Judge Lynn Hughes believed that the actual claim featured within the lawsuit, which stated that Donnicia Venters wanted to use the bathroom to breast pump, was not part of the Title VII and ruled in favor Houston Funding instead. Judge Hughes also added a comment, stating that just become a company fires someone due to lactating or breast-pumping does not mean they are being sexually discriminative.

Donnicia Venters was appalled and literally shocked by Judge Lynn Hughes decision to rule in favor of Houston Funding. She is hoping that the Equal Employment Opportunity Commission will appeal the ruling as a means of fighting back and having justice served for once and for all. Donnicia Venters says that she hopes that other employers will be more acceptable about breast pumping. She thinks it is a natural and great thing to do, to feed a baby natural breast milk, and that employers should be more accepting of what mothers have to do for their children, especially when it comes down to breast pumping.

After hearing the ruling, a law professor at the Center for Work Life Law for the University of California, Joan Williams, says that the ruling made absolutely no sense.

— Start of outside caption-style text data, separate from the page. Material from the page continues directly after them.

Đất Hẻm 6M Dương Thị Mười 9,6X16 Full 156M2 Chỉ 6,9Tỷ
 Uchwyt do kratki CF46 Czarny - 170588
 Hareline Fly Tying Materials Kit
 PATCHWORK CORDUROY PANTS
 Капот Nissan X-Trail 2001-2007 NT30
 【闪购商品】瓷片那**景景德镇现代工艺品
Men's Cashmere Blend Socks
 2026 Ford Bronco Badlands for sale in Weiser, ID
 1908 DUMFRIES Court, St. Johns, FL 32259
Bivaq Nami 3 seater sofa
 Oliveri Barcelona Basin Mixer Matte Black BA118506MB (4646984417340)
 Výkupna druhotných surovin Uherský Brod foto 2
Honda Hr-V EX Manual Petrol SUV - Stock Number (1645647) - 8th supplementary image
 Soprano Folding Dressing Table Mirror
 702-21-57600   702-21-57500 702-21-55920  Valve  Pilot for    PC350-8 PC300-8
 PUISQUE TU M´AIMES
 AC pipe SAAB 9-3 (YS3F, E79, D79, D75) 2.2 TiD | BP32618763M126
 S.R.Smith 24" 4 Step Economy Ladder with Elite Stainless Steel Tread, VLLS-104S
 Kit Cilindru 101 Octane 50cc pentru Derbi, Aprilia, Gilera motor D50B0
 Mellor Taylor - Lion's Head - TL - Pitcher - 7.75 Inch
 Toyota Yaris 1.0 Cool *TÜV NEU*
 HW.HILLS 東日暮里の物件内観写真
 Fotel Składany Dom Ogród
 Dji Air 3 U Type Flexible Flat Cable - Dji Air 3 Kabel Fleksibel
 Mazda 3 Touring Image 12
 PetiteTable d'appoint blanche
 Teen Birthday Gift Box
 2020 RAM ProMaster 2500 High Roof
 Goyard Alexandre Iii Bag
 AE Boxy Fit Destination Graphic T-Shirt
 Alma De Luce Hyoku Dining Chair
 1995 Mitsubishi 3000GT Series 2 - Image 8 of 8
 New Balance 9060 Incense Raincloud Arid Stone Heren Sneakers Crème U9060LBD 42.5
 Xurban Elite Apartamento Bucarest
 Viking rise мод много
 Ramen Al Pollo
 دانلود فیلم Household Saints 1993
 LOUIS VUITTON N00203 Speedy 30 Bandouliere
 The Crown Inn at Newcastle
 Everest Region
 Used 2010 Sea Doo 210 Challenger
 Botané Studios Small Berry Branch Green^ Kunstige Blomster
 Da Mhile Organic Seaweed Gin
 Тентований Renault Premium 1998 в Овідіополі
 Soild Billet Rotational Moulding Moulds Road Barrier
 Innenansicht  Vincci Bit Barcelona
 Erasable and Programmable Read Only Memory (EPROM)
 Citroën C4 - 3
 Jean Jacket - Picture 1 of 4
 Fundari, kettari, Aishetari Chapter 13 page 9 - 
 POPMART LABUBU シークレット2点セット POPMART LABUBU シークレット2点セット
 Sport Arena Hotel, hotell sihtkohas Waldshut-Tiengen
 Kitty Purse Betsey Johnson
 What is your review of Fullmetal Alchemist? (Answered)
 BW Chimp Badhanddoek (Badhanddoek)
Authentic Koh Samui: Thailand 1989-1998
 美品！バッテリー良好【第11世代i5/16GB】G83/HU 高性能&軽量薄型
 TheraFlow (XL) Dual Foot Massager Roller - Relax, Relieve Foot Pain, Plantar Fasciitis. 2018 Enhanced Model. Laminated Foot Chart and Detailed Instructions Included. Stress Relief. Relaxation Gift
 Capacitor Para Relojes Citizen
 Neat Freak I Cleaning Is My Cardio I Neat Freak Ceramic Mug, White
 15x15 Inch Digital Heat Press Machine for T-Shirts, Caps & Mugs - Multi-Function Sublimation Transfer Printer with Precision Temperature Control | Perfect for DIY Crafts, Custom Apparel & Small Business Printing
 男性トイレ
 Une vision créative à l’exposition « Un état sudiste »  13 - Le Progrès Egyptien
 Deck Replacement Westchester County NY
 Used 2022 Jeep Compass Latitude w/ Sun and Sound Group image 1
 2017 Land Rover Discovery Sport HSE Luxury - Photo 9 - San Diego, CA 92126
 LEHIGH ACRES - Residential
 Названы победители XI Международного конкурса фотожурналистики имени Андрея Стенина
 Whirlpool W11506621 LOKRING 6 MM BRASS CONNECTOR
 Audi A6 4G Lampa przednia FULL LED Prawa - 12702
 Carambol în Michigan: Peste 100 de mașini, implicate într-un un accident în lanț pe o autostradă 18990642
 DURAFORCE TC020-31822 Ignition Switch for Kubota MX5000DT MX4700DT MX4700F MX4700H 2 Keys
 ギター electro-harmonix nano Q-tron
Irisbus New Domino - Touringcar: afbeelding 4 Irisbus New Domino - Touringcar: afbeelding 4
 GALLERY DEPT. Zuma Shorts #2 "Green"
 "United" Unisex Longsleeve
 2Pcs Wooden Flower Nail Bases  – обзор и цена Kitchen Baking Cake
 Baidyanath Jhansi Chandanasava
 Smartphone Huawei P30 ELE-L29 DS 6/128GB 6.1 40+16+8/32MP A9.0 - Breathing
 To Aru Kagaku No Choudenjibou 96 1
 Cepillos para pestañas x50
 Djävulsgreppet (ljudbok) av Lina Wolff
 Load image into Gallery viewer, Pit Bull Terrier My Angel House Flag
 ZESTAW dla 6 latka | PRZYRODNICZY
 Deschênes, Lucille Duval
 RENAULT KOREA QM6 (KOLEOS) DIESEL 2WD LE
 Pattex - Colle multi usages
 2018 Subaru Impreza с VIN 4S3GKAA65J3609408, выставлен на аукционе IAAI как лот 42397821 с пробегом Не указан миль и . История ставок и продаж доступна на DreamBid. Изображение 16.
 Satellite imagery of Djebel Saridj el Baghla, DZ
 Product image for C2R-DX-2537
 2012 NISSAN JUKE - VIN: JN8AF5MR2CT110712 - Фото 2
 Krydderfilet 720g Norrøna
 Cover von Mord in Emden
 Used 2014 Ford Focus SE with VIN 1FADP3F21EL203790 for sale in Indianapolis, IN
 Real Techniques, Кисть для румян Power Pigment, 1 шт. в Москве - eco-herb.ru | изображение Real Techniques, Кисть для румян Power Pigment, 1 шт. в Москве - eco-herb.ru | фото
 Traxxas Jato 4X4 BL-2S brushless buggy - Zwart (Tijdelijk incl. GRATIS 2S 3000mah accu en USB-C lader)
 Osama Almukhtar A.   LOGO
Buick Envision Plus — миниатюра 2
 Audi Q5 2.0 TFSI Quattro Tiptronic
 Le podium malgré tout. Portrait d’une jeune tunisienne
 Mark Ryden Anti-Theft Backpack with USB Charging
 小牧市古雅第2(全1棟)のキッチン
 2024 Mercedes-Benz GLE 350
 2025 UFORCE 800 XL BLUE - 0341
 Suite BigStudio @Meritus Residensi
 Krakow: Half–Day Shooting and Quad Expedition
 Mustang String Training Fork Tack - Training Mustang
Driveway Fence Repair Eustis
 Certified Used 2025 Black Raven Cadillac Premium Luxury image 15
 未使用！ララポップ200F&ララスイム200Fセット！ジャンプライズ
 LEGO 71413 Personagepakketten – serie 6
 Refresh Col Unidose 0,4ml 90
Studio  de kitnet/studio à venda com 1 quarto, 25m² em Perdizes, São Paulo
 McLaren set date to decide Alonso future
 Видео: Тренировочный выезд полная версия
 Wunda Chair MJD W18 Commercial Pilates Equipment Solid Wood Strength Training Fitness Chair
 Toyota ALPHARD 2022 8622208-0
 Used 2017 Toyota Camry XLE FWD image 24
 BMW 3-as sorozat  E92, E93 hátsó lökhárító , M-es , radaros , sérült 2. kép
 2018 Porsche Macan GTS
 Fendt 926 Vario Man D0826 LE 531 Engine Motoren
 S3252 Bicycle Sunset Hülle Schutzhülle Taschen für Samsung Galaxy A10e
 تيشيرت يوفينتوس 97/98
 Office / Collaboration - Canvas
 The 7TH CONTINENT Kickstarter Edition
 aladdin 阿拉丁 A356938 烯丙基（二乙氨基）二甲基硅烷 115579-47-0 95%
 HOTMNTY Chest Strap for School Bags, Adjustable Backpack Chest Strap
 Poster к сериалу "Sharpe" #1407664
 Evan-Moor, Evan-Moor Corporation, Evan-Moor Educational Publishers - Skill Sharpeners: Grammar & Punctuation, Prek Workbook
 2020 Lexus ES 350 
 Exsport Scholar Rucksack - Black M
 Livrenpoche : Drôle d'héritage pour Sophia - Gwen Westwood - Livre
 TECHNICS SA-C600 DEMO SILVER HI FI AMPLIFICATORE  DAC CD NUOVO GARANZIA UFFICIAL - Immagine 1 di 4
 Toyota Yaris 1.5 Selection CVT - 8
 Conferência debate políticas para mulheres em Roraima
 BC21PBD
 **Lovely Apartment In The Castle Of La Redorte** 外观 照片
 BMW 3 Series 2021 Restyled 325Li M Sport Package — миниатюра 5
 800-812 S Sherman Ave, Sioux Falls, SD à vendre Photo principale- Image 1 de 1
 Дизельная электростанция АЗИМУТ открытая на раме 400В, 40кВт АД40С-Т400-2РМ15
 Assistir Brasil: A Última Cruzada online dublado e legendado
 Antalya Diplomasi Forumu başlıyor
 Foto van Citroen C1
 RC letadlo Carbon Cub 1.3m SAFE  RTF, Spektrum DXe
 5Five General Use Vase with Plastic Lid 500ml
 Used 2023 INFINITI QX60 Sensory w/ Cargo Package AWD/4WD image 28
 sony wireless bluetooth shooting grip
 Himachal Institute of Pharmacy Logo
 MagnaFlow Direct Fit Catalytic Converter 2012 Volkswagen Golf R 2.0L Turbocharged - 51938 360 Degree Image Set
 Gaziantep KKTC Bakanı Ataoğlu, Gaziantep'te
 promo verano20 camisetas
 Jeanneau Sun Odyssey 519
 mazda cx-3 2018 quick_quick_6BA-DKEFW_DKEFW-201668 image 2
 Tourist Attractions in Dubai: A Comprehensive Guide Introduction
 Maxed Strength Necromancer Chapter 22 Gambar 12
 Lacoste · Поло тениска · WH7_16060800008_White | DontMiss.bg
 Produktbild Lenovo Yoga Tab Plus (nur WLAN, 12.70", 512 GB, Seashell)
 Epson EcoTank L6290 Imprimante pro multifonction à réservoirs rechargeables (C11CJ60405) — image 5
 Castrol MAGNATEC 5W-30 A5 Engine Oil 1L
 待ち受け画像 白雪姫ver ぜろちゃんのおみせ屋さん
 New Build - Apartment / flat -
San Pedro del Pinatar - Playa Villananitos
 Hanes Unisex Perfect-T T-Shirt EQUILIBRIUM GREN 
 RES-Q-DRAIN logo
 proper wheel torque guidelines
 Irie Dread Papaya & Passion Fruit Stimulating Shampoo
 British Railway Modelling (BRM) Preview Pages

Williams says that lactation is, in fact, a medical condition that relates to pregnancy as well as childbirth, which is why it would relate to Title VII of the Civil Rights Act. Williams stated the obvious, saying that everyone with common sense knows that breastfeeding relates to childbirth. Williams also pointed out that all pediatricians recommend breastfeeding for babies. And, if the mother is nursing and is unable to pump at a certain period of time each day, she is at a higher risk of an extremely painful breast infection, mastitis.

In the lawsuit, Donnicia Venters says that after being out on maternity leave and having her daughter, she called the president of her company to schedule a time in which she would come back to work. She says that the president was nice at the beginning of the conversation, until she asked about breast pumping. That is when the president of Houston Funding told her that her position was filled and that her services would no longer be needed.